The event is free, and open to the public. It is open to print media, but not television or radio.
According to Dr. Olen Greer, a professor in the School of Accountancy who is helping host the event, Ashcroft specifically requested that no videocameras or recording equipment be allowed into his speech.
"Pencil press is fine," Dr. Greer said. "The public is invited to ask questions, but press may not," he said.
"John said it would be ok for the pencil press to report the event, but not participate in it--they may not ask any questions," according to a note written by Emily Broeman, Ashcroft's manager for speaking engagements.
Dr. Greer said he was hoping broadcast media would cover the event. "I'd like you to cover it, what we were hoping for is an opportunity to publicize this conference we are having. But these are the rules agreed to in our contract with Mr. Ashcroft," Greer explained.

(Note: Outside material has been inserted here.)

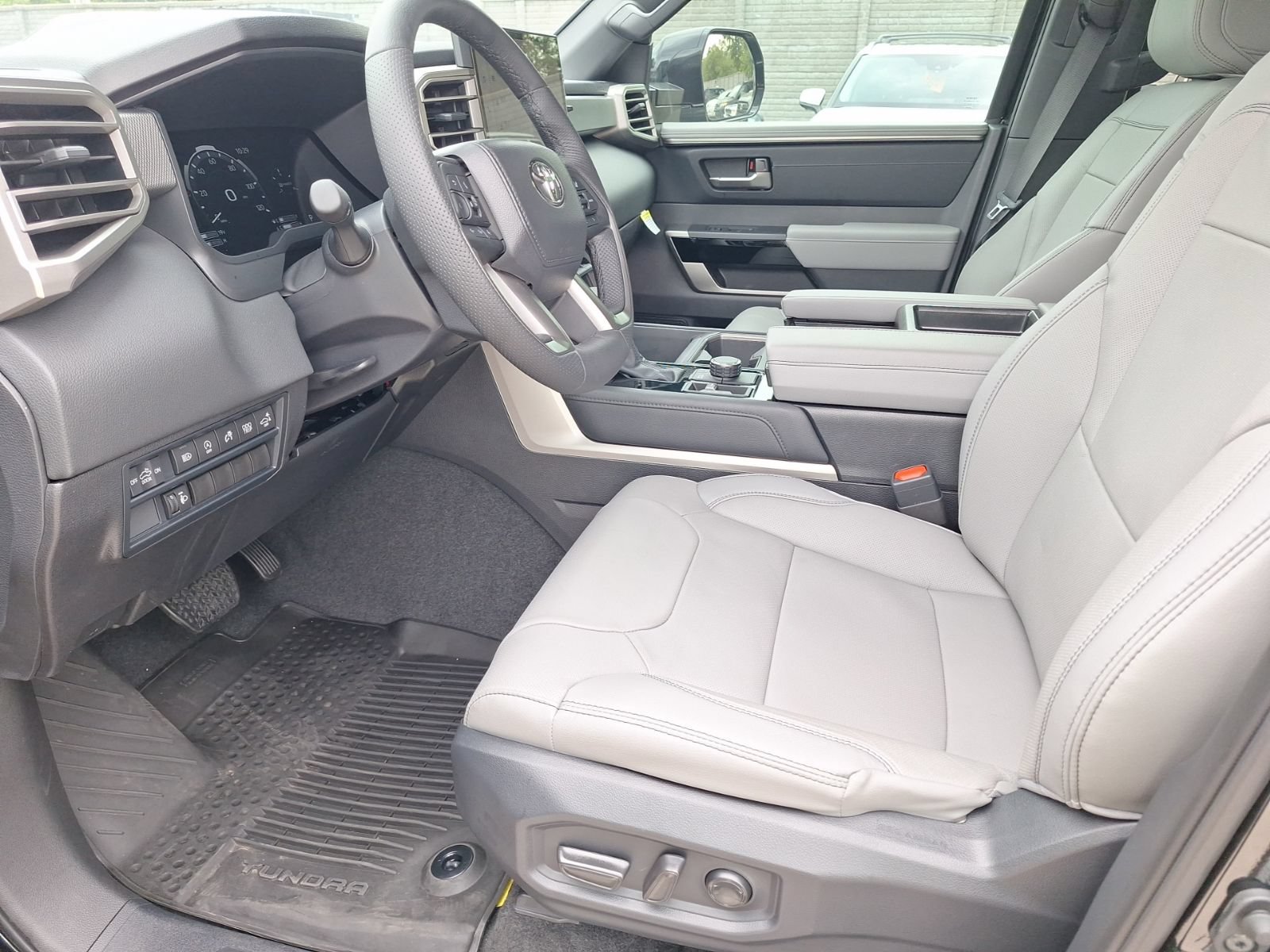 Used 2026 Toyota Tundra Limited AWD/4WD image 16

I am amazed (but somehow not surprised) that event organizers have the nerve to beg for coverage of the event when they are telling the broadcast media it cannot do what it needs to do in order to provide adequate coverage of it.
As for Ashcroft not answering questions from the media- he never did. I had the opportunity to interview him several times and cannot ever remember him answering a straight question. If his point of the day was "We must stay the course and reduce taxes," and I asked him, "What are we going to do about increased crime in Missouri?" he would answer "We must stay the course and reduce taxes."
My suggestion to the broadcast media would be to ignore Ashcroft and report on news that actually means something to your viewers.